Certain medical conditions can also increase your risk of developing a UTI, such as diabetes, HIV/AIDS, kidney disease or cancer. If you have any of these conditions, talk to your doctor about how to prevent or treat them.

Nettle is a traditional herb that has been used for centuries to help control UTIs and other urinary problems. It is a natural diuretic and antimicrobial, and it can help flush bacteria out of the body.

It is safe to take stinging nettle by mouth, and it is available as a tea or extract. It can be taken by adults and children.

Stinging nettle has been shown to be effective in treating lower urinary tract symptoms in men with benign prostatic hyperplasia (BPH). Studies have also found that it can help reduce prostate pain and discomfort, especially when used with finasteride.

Nettle can also be used to treat a number of other health conditions, including irritable bowel syndrome, urinary tract infections and prostate problems. It can be combined with other herbs, such as saw palmetto or ginseng to improve symptom relief.

Conclusion

Many people know of the stinging nettle plant, Urtica Dioica, but many don't understand that it has several potential health benefits. These include reducing inflammation, relieving allergies, increasing free testosterone, and regulating blood sugar and pressure.
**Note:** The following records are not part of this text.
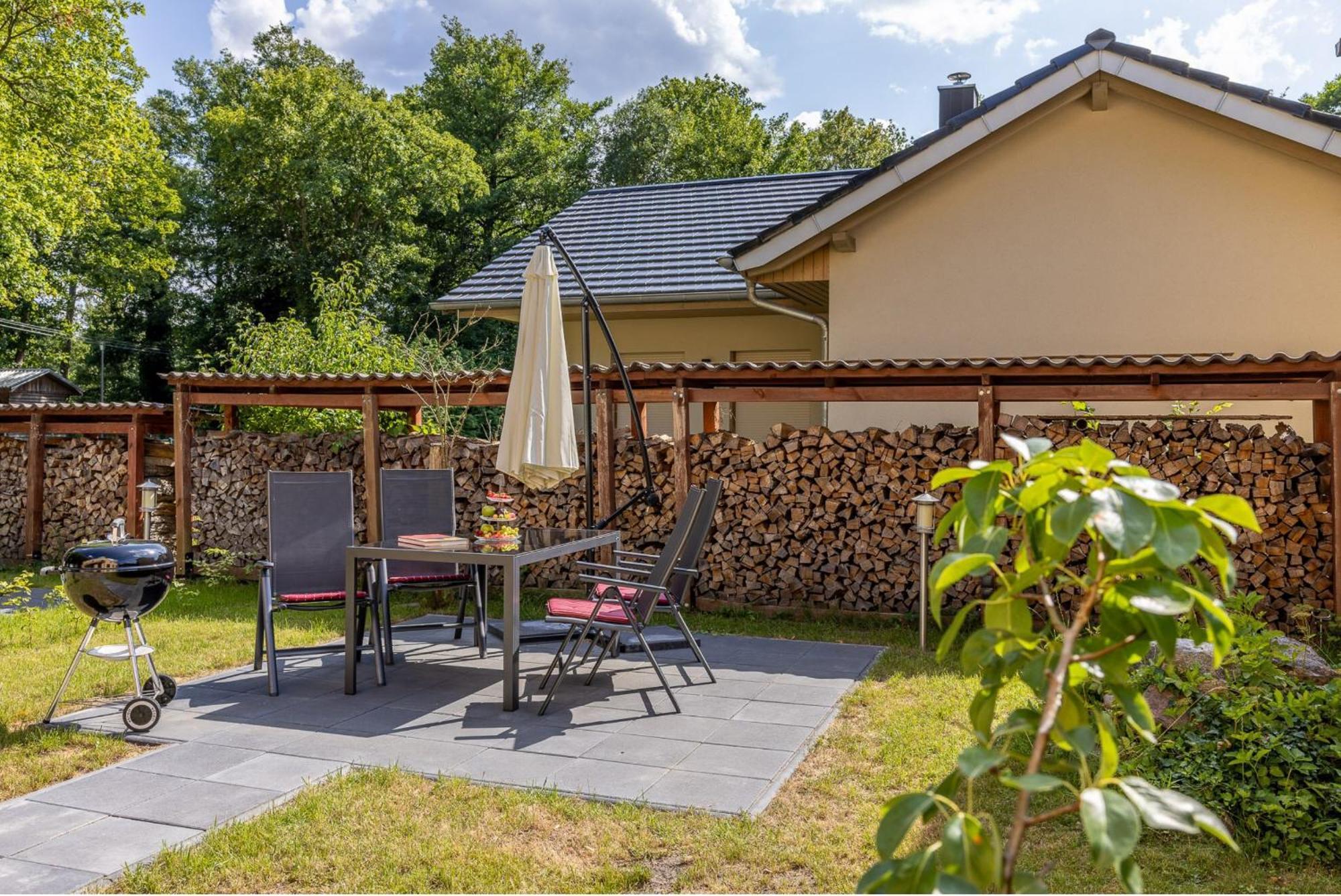 Ferienwohnungen Wildau Am Werbellinsee Schorfheide Kültér fotó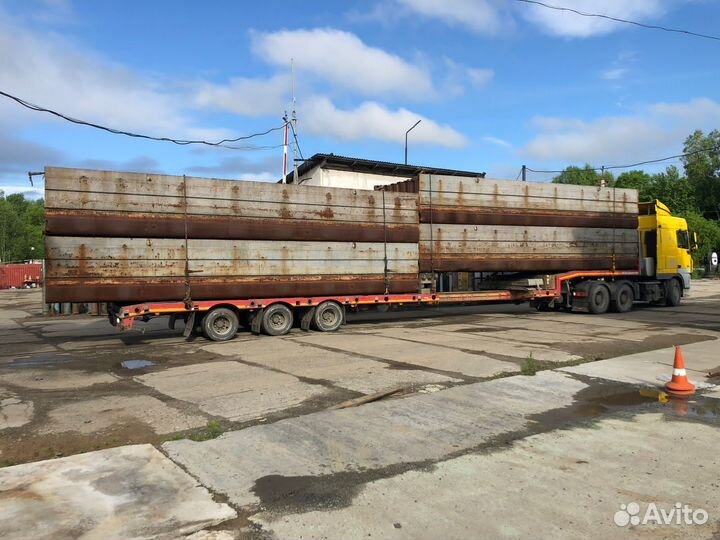 Понтоны нжм-56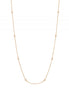 Collier Ellie 8 diamants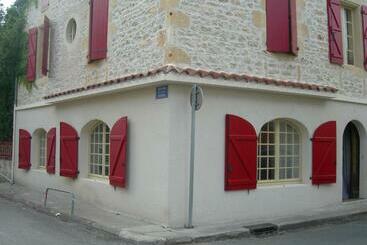 游客公寓 Appartement Indépendant Au Coeur Du Vignoble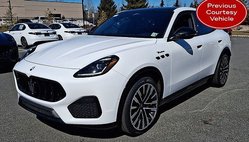 2025 Maserati Grecale Modena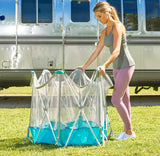 NEW Regalo Six Panel My Portable Play Yard Deluxe with Pad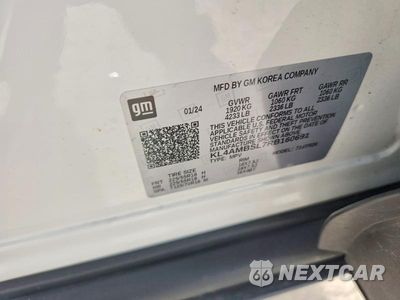 Zdjęcie 12 z 12 samochodu: 2024 BUICK ENCORE GX PREFERRED VIN:KL4AMBSL7RB160691 - miniatura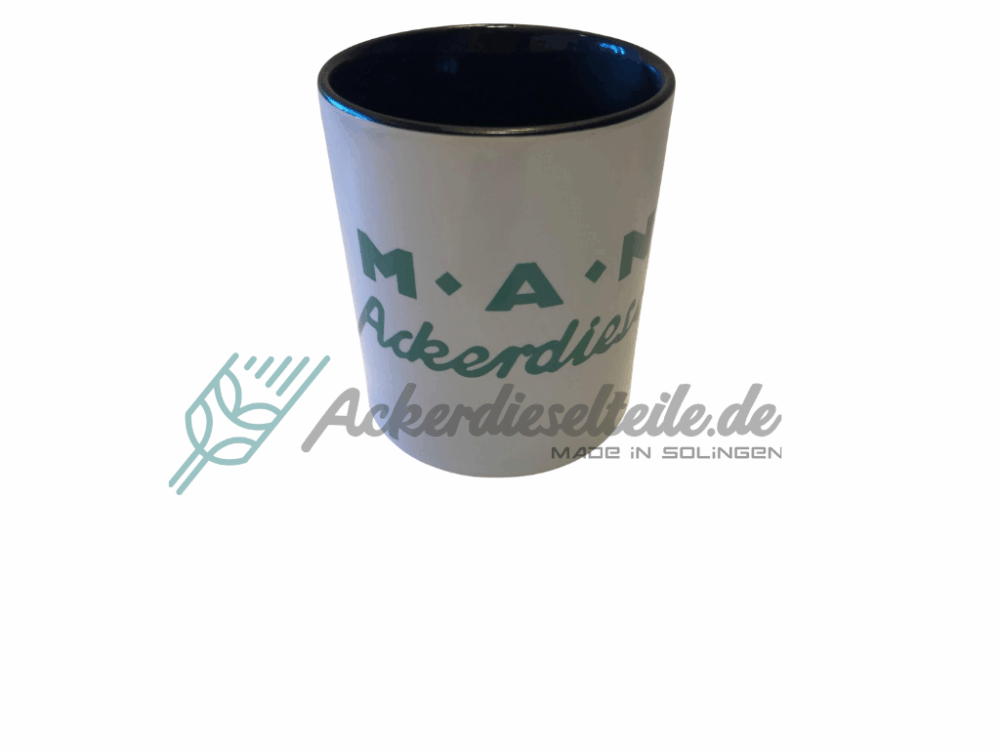 Tasse MAN Ackerdiesel
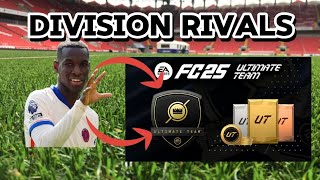 Division Rivals IN A NUTSHELL FC25 [upl. by Ydieh386]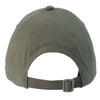 Campside Patch Waxed Hat in Dark Olive by Southern Tide - Country Club Prep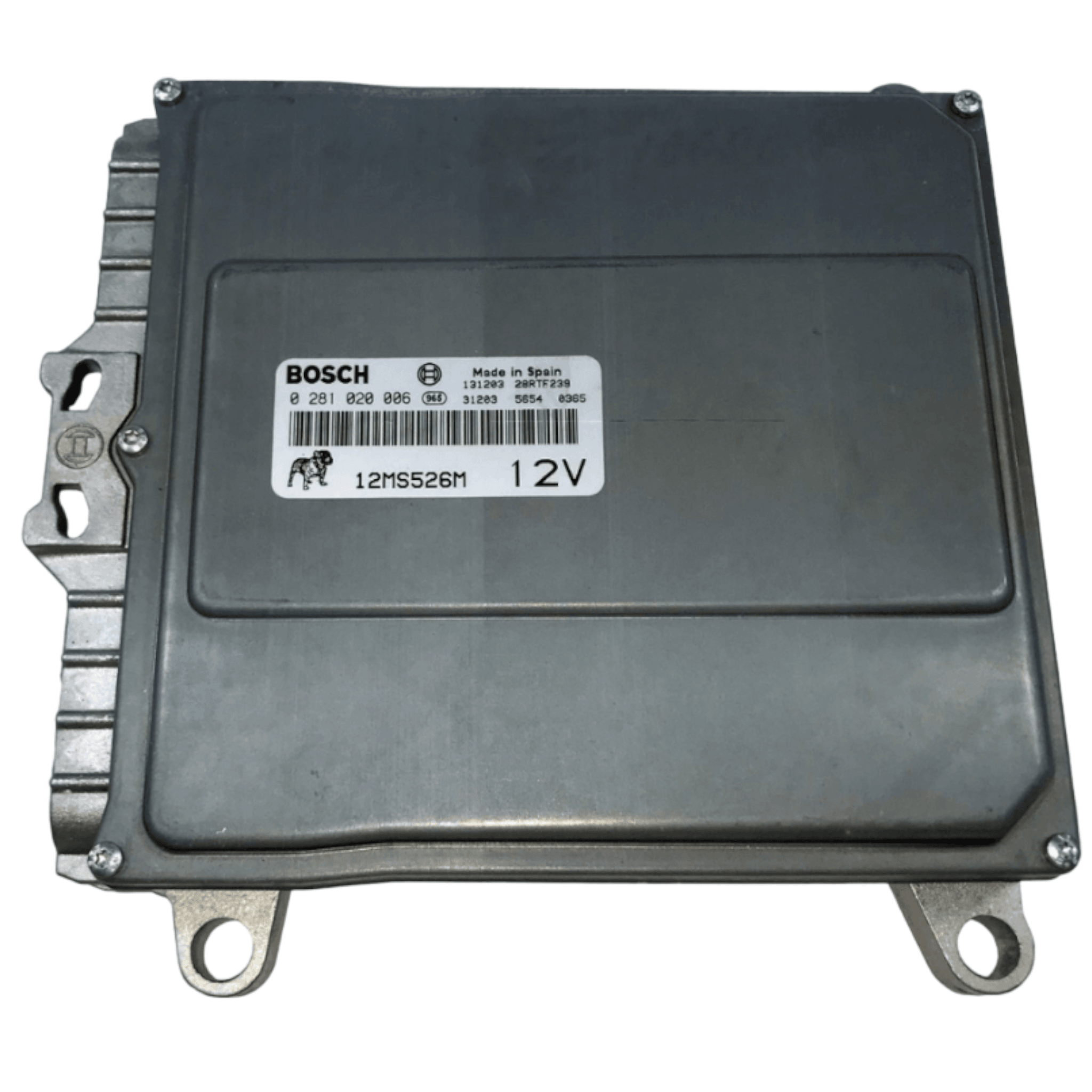 12Ms526M Genuine Mack Engine Control Module — ADVANCED TRUCK PARTS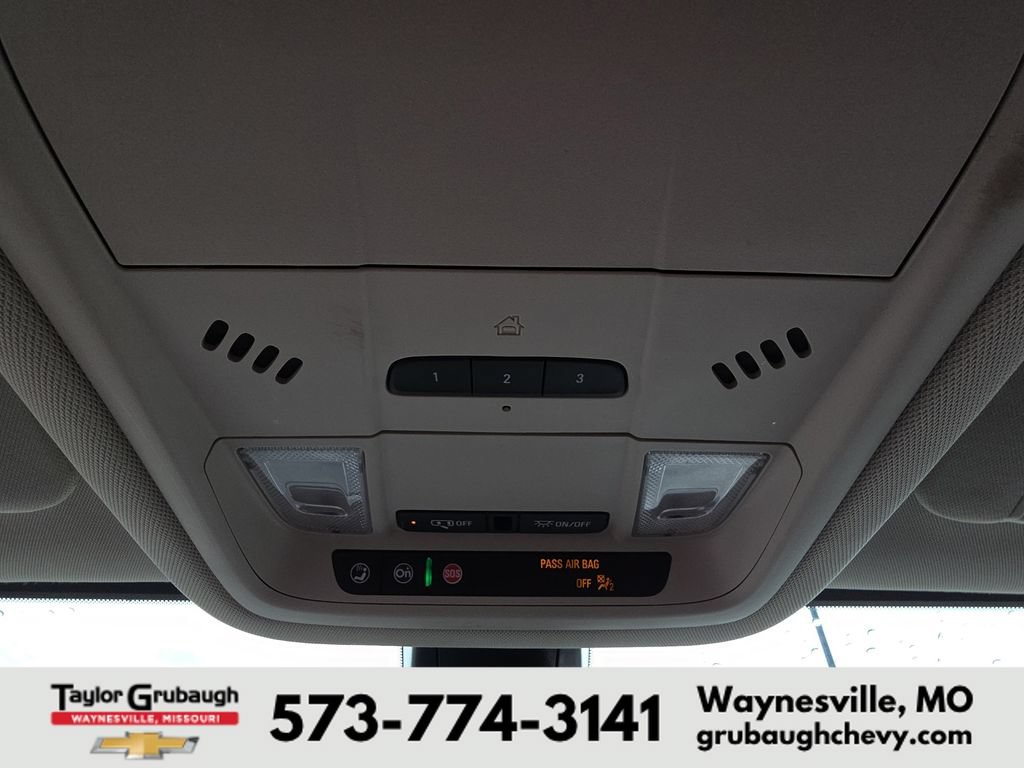 Used 2023 GMC Acadia Denali FWD image 24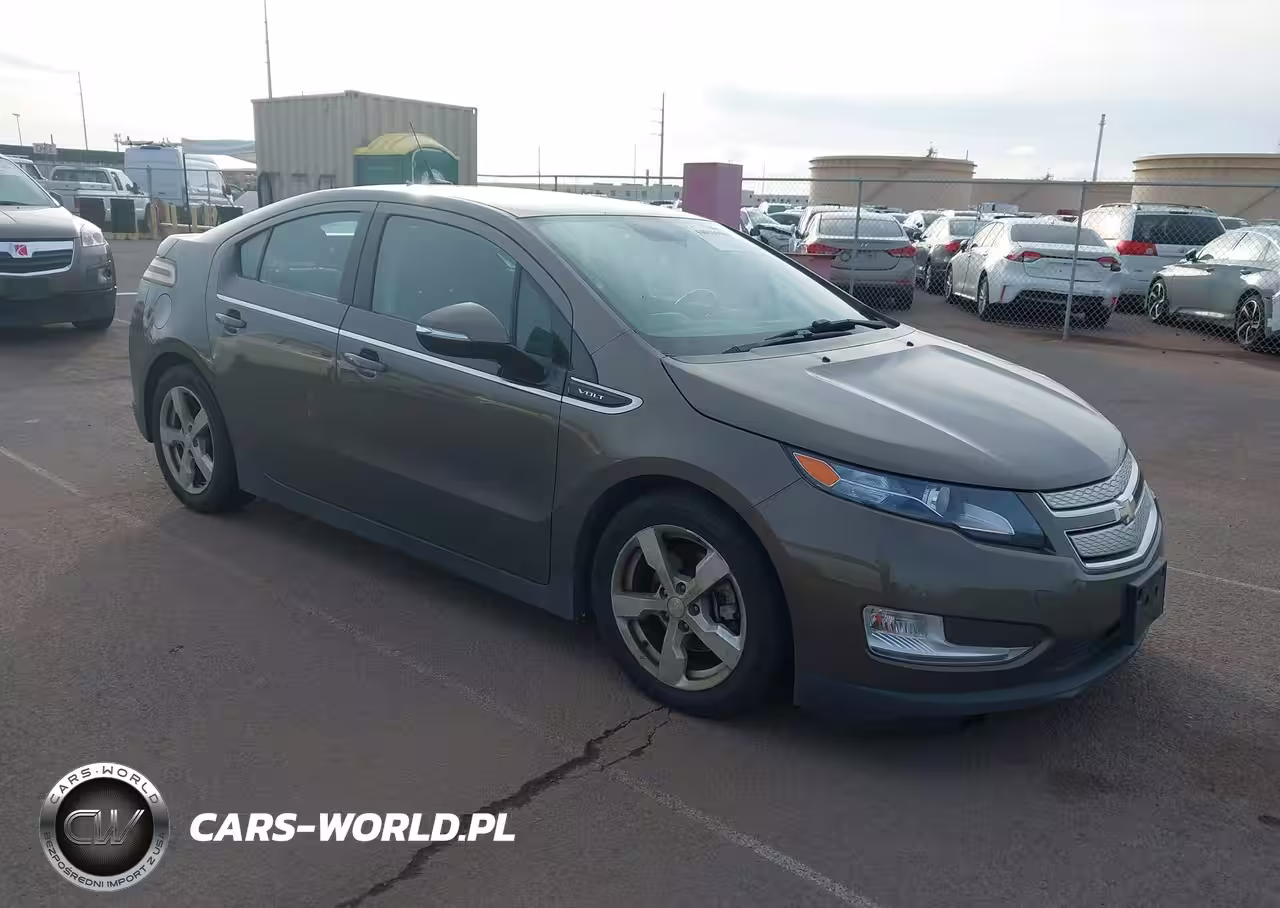 2014 Chevrolet Volt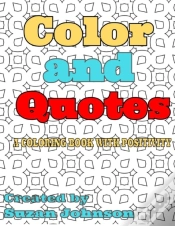 Capa do artigo Color And Quotes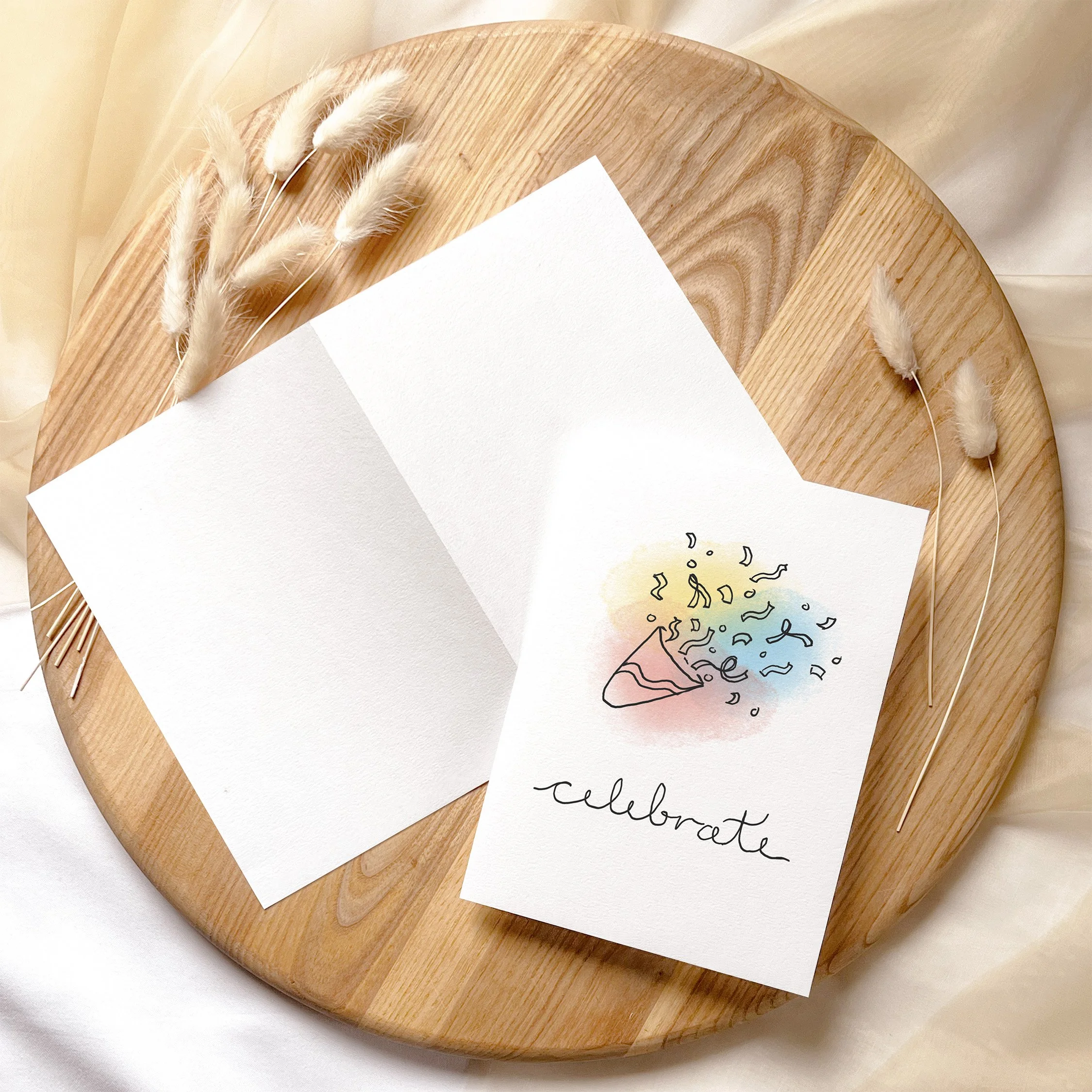 Celebrate Card
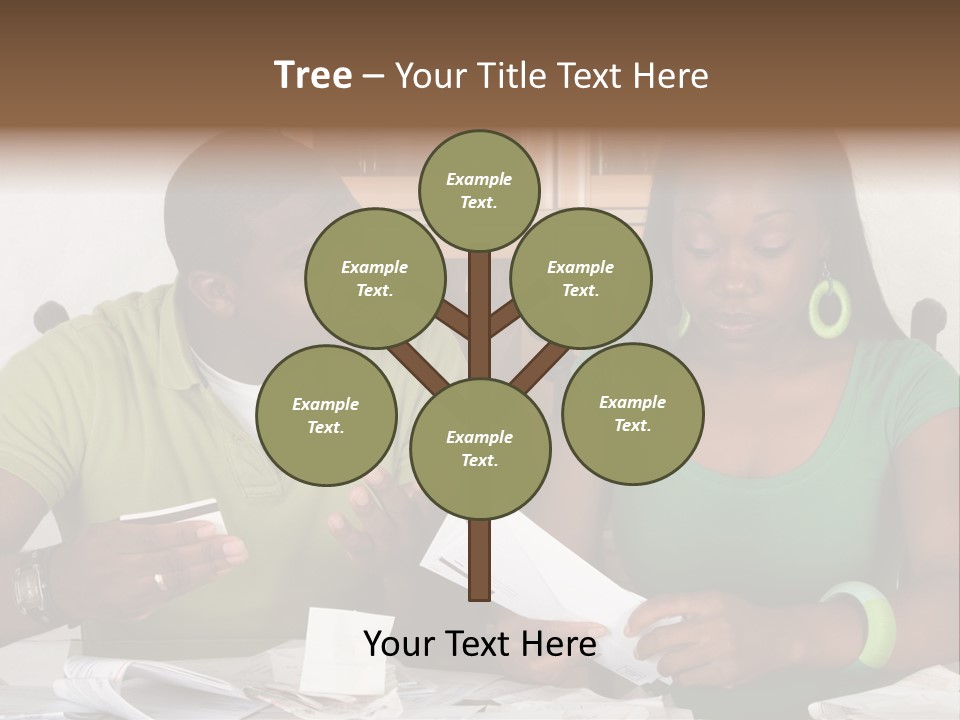 Local Apartment Modern PowerPoint Template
The herb has been used for thousands of years to treat rheumatism and pain. More recently, research has shown that it may reduce inflammation, relieve allergies, increase free testosterone, and act as a diuretic.

Stinging Nettle and BPH

Studies have found that stinging nettle root extract can help control benign prostate hyperplasia (BPH) in men. However, more research is needed before it can be widely recommended.

In a study on in vitro experiments, stinging nettle root extract inhibited the proliferation of prostatic stromal fibroblasts. This may be due to the presence of polysaccharide fractions in the root.

Stinging nettle extract also reduces the activity of the hormone androgen receptors. This may lead to a decreased sensitivity of the prostate to androgens, which can improve symptoms of benign prostate hyperplasia.

Testosterone

Testosterone is a male hormone that is needed by all men to varying degrees. It is responsible for penis and testes development, facial hair growth, muscle size, bone strength, sex drive, and more.

Stinging nettle can help increase free testosterone because it blocks the binding of steroid hormones to SHBG, which is a common prostate cancer molecule. This results in an increase in the number of circulating free testosterone, which can boost energy and stamina and promote the healing of joints and muscles.